There are errors in reasoning that are subtle: it's easy to make them if one is not careful enough, and even if avoided, it's easy to understand where the mistake originates. None of the non sequiturs of the month fall into that category. Try as I might, I cannot come up with a plausible line of reasoning that could lead to them.

Monday, January 4, 2010

TSA: Intensified universal screening cannot possibly work

Q.E.D.

A frog and mouse battle

Back in the day (meaning the first half of the twentieth century), most mathematicians were deeply engaged in a dispute between two philosophies: Platonism and intuitionism. The details of the conflicting views are not important here; the main point is that both sides were arguing as if their respective positions were the true state of affairs, seemingly not realizing that the debate they were engaged in was of the sort which allows for more than one point of view to be correct. Upon hearing the details of the disagreement from one of his mathematician friends, Einstein reportedly called it "A frog and mouse battle." I have no idea what the thought process behind choosing this particular phrase could be, but nonetheless it seems to capture the essence quite nicely.

Economists have their own frog and mouse battle going on right now, and one that is substantially sillier than the original.

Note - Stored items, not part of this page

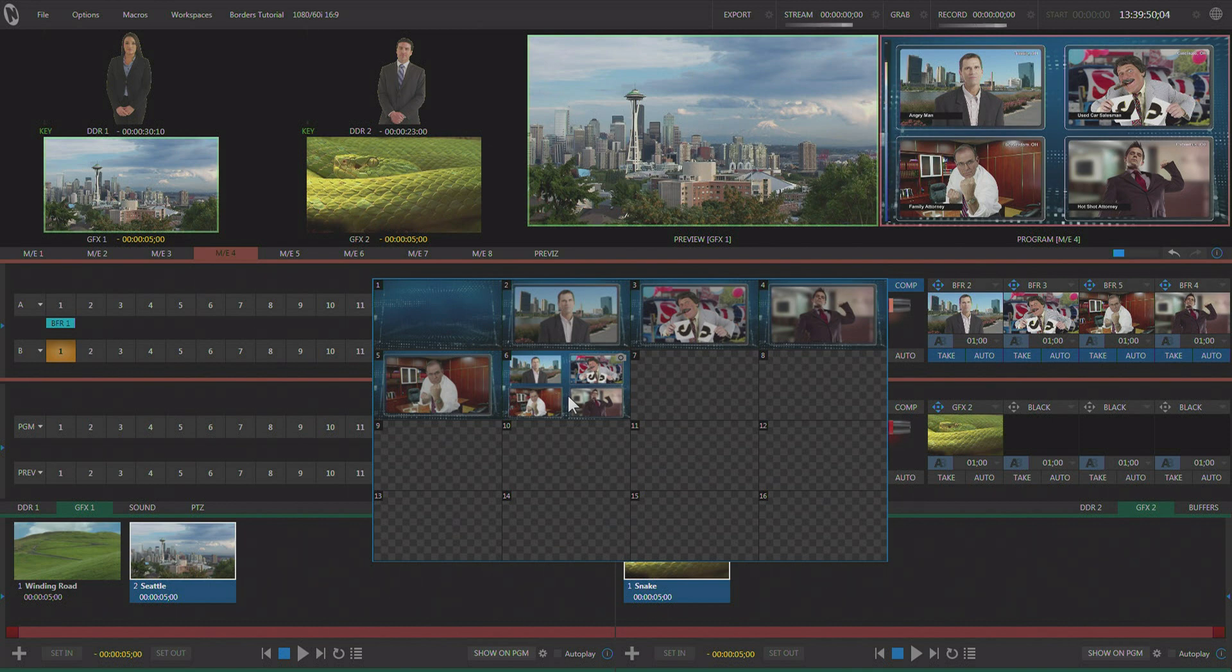So that's how you use borders in TriCaster Advanced Edition. I hope this little tutorial on borders has been helpful for you. It's really a powerful feature that you should really try out and see what you can do with. If you got any other ideas for future tutorials you'd like to see on a Facebook Live Tuesday tutorial, go ahead and put it in the comments below. My name is Lenny Nelson. From everybody here at NewTek, thank you for watching and I hope you have a great day.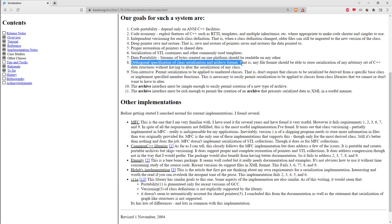An interesting design goal is orthogonal specification of the class serialization and the archive format. The serializer for your class is templated on the archive type, so as long as the archive type is consistent with the archive concepts outlined in the library, that serializer will work with any of them. You write your serialization code once and can then serialize to plain text, XML, or binary format without writing new code to support those other archive formats.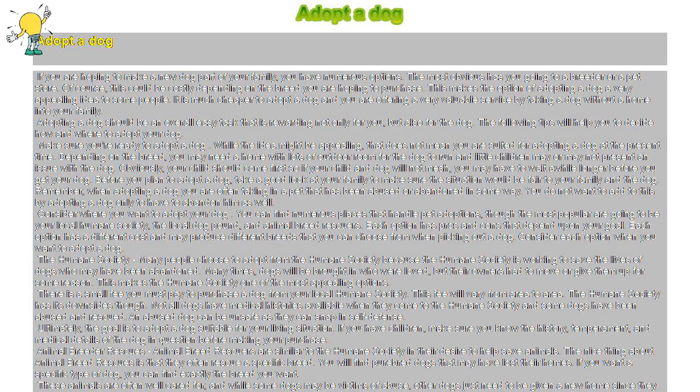Animal breeder rescues: Animal breed rescuers are similar to the humane society in their desire to help save animals. The nice thing about animal breed rescues is that they often rescue a specific breed. You will find purebred dogs that may have lost their homes. If you want a specific type of dog, you can find exactly the breed you want.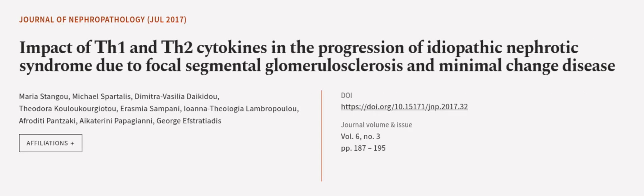This article was authored by Maria Stangu, Eichel Spartalis, Demetra Vasilia Dykidou, and others. We are article.tv, links in the description below.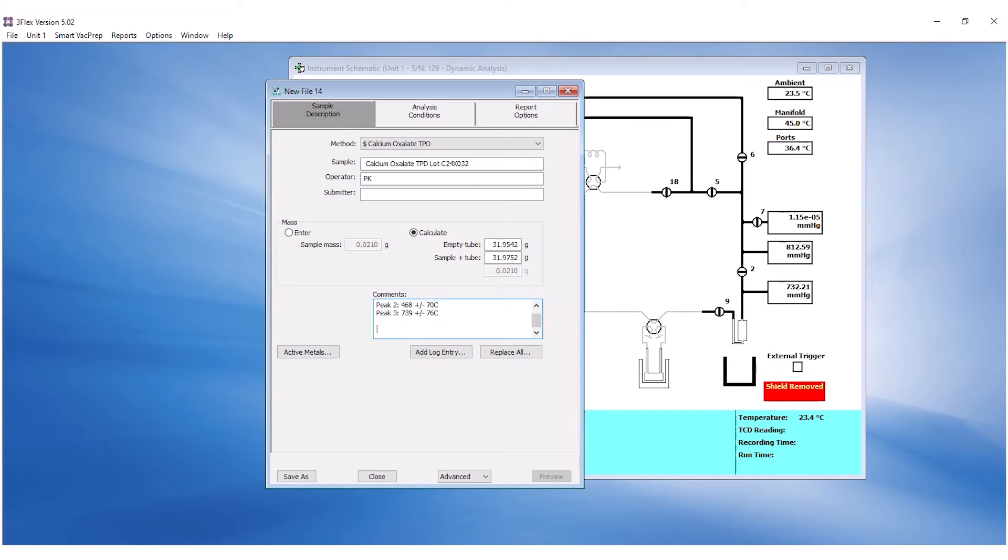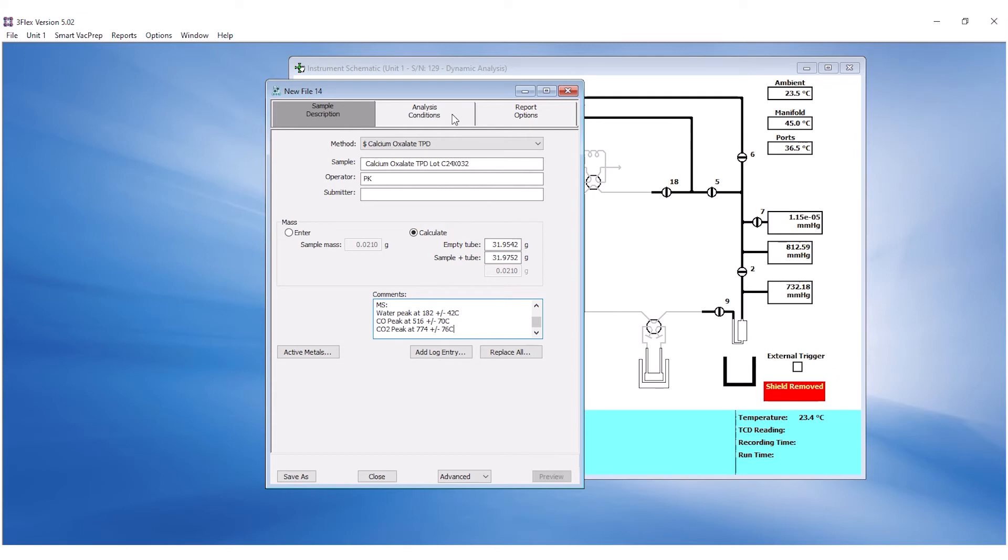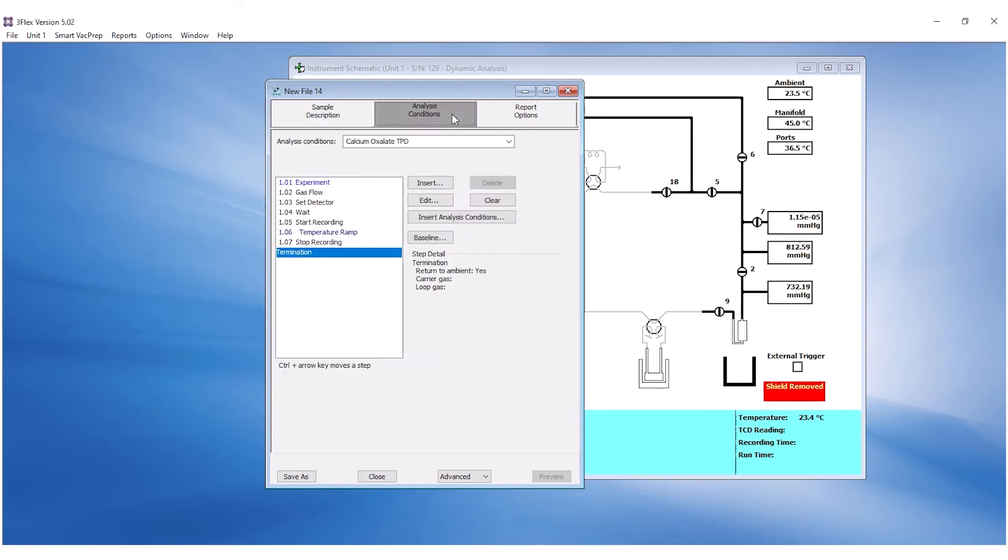If mass spectrometer is in use, enter temperature specifications for the water, carbon monoxide, and carbon dioxide peaks. Under the Analysis conditions, check if the method is loaded and update the conditions to the most updated method indicated on the reference material manual.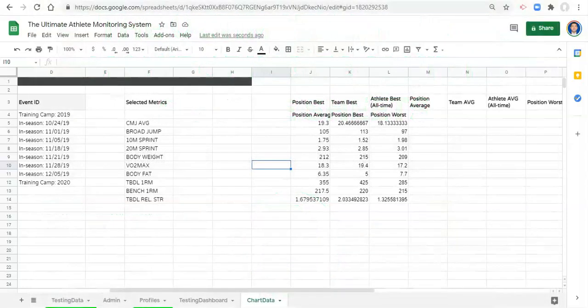Hi everyone, Adam here. In the last video we calculated position averages, position best, and position worst values. In this video we're going to calculate team and athlete average, best, and worst values based on the criteria that we select.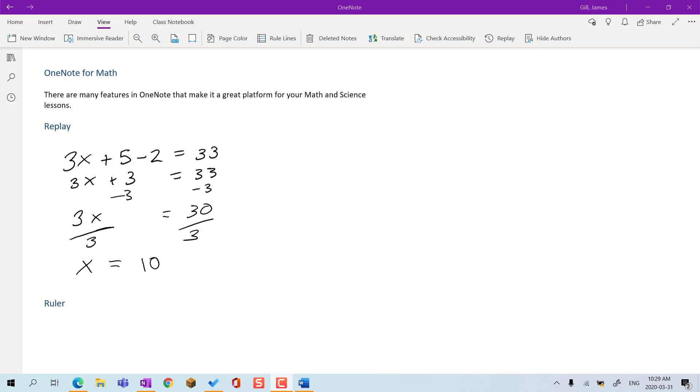There are many features in OneNote that make it a great platform for your math and science lessons. Replay.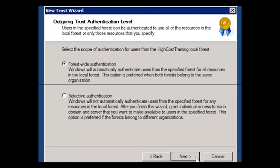Here we can see when we are creating an outgoing trust, you have your choice. You can select the scope of authentication. The first option is forest-wide. For this type of authentication, users from the specified forest are going to be able to access resources from all of the folders, files, everything in the local domain. You want to use this option when you have more than one forest belonging to the same organization so that everybody can have access to all the resources.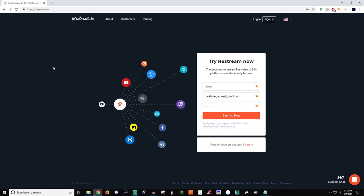How's it going everyone? John here and welcome back to another streaming video. Today I wanted to talk to you guys about Restream. Restream is basically a service that allows you to reach out to multiple platforms at the same time.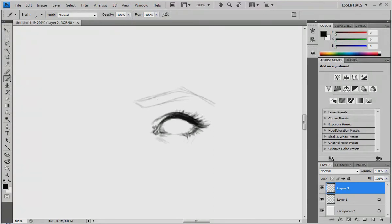I recommend never using the smudge tool — it's like gross. It is in fact taboo to use it in the professional industry when you're doing digital painting. They really shun it. I'll show you how to blend a bit later.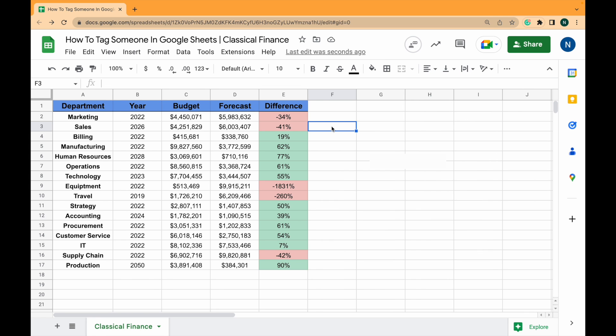So those are the two main ways of tagging people in Google Sheets. If you have any questions or comments, leave them down below and I will try and get to them.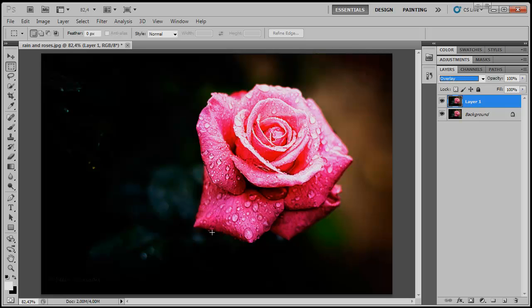If any of these modes overpower your image, it's easy to pull back the effect by lowering the opacity of the layer.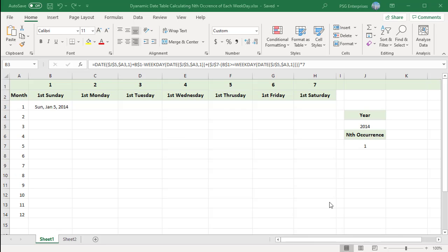Using the date functions, you can build dynamic date tables that automatically provide the key dates you need. Let us create a table to show nth occurrence of all the weekdays in a particular year for all the months.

It's the debate over whether or not GDP is the correct measure of quality of life. Fairly recently an international commission of economists led by Joseph Stiglitz (and created by the French President Sarkozy) released a report which suggested a measure of aggregate quality of life alternative to GDP. Numerous economists have then spoken up in defense of GDP as a better measure; one example can be found here.

I think there are two things that render this debate quite silly. First, I don't think there is a law of the universe saying that there has to be just one correct measure of economic performance. Quality of life is a multidimensional phenomenon, and different measures can and will place different weights on these dimensions, so I fail to see how a choice between those measures could be anything other than arbitrary. Second, GDP by its very definition is not meant to be a measure of quality of life. It's supposed to measure aggregate output, or, in other words, aggregate value added.

I really can't see anything other than a frog and a mouse in this debate. Am I missing something?

Friday, January 1, 2010

The mother of all fallacies

Well, not really. Nothing is ever the mother of all anything. But, whenever politics and/or economics is being discussed, there is one fallacy that seems to be much more common than all the others: it's the Nirvana fallacy, i.e. belief that if some policy solution isn't perfect, it's useless. Or, to put it another way, comparing a policy proposal not to its best viable alternative, but to a perfect state of affairs.

Healthcare debate provides an example. Most of its participants, regardless of what they're arguing for, seem convinced that it's possible to build a system in which everyone is taken care of; they just disagree on what that system should look like. But, alas, it's not possible; at least not now, not with the income levels our economies generate as of today. In any system we can have right now, there will be people dying due to lack of adequate healthcare. In a purely market system, this will happen because providing healthcare is very expensive, and some people will not be able to afford the market rates (we see this happening right now in the U.S.). In a purely government-run system, this will happen because when the government controls prices of medical services, those prices will be set either below or above market clearing rates (most likely way below)--and both those situations generate shortages of supply and decrease of quality (we see this happening right now in Poland).

Scarcity is a fact of life. There are three ways of dealing with that fact. First, we can keep increasing our income and wealth, thereby decreasing scarcity in some areas of life by making things cheaper and cheaper to buy. Second, we can complain to whoever it is we think invented the world. Third, we can simply pretend it doesn't exist--and this is precisely what most of the political debate does.